経営不振によって支店を廃止した場合、本社ではなくても従業員を解雇することは問題にならないのでしょうか? 今回の無料メルマガ『採用から退社まで! 正しい労務管理で、運命の出会いを引き寄せろ』では、著者で社会保険労務士の飯田弘和さんが、そんな質問を受けて、労働法を解説しながら詳しく回答しています。
事業所の閉鎖と解雇について
ある会社さんから、こんな質問を受けました。
「経営不振で支店をたたむことになったが、そこで働く労働者を解雇して問題ない?」
たとえ支店をたたむ場合であっても、企業として存続している以上、労働者を解雇するには法の適用を受けます。まずは、労働基準法の適用を受けます。労基法20条では、「使用者は、労働者を解雇しようとする場合においては、少くとも30日前にその予告をしなければならない。30日前に予告をしない使用者は、30日分以上の平均賃金を支払わなければならない」と定められています。労働基準法は行政取締法規とされているので、これを守らない解雇は労働基準監督署からの是正勧告の対象となります。
また、労働契約法には、次のような定めがあります。
労契法16条「解雇は、客観的に合理的な理由を欠き、社会通念上相当であると認められない場合は、その権利を濫用したものとして、無効とする」
この労働契約法というのは、民事的な法律とされていて、労働契約法違反に対して、行政機関が取り締まったり是正を命じたりすることはありません。そもそもとして、労働契約法違反かどうかについて行政機関が判断することすらありません。あくまで、労働契約法違反かどうかの判断は裁判となります。(労働者が)裁判を起こさなければ、労働契約法違反と確定することはありません。
ところで、支店をたたむ場合の解雇については、労働契約法の“客観的に合理的理由”と“社会的な相当性”があるかという事が問題となります(労働基準法20条を遵守することは当然です)。
ここで考えなければいけないのが、支店をたたむことでの解雇は、一般的な解雇や懲戒解雇と違って、労働者の帰責事由がないという事です。何ら問題のない労働者を、会社の都合だけで解雇するというのですから、“客観的に合理的理由”と“社会的な相当性”がより厳格にみられます。
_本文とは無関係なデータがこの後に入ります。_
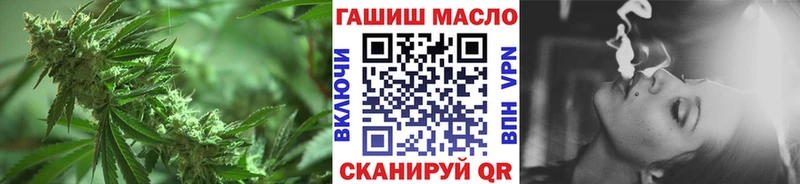 Дистиллят ТГК гашишное масло  наркошоп  гидра как зайти  shop Telegram  Старый Оскол 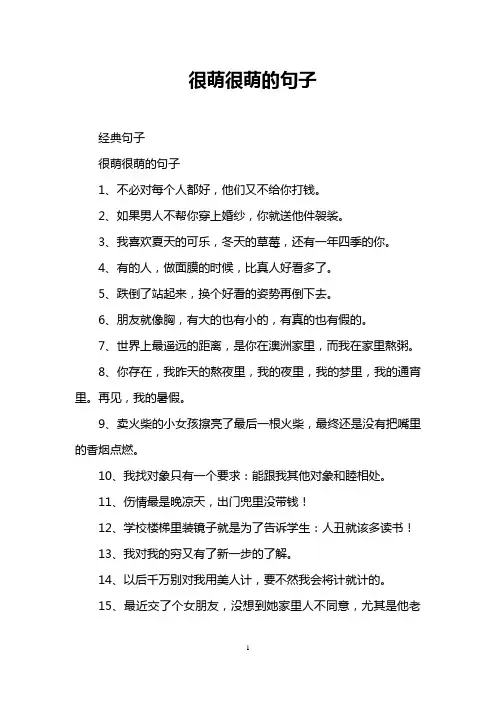 很萌很萌的句子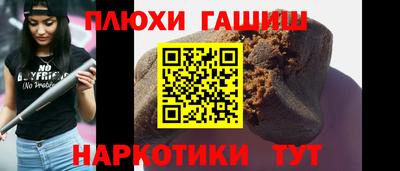 альфа пвп Ликино-Дулёво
したがって、解雇をするにあたって、他支店等への配転の可能性を探ったり、支店をたたむことや労働者を解雇することについて労働者への説明や交渉を尽くしたり、退職金の上乗せや再就職のあっせん等を行っていくことが重要となります。そうでないと、もし労働者から“解雇無効”で裁判を起こされた場合、会社の勝ち目は非常に薄くなります。ただし、これをやったから大丈夫というのもありませんので、どこまでやり尽くすか、とても悩ましい問題です。
できる限り話し合いでの円満退社を目指し、どうしても応じてもらえないときに限って、解雇という手段をとるといった心づもりで臨みましょう。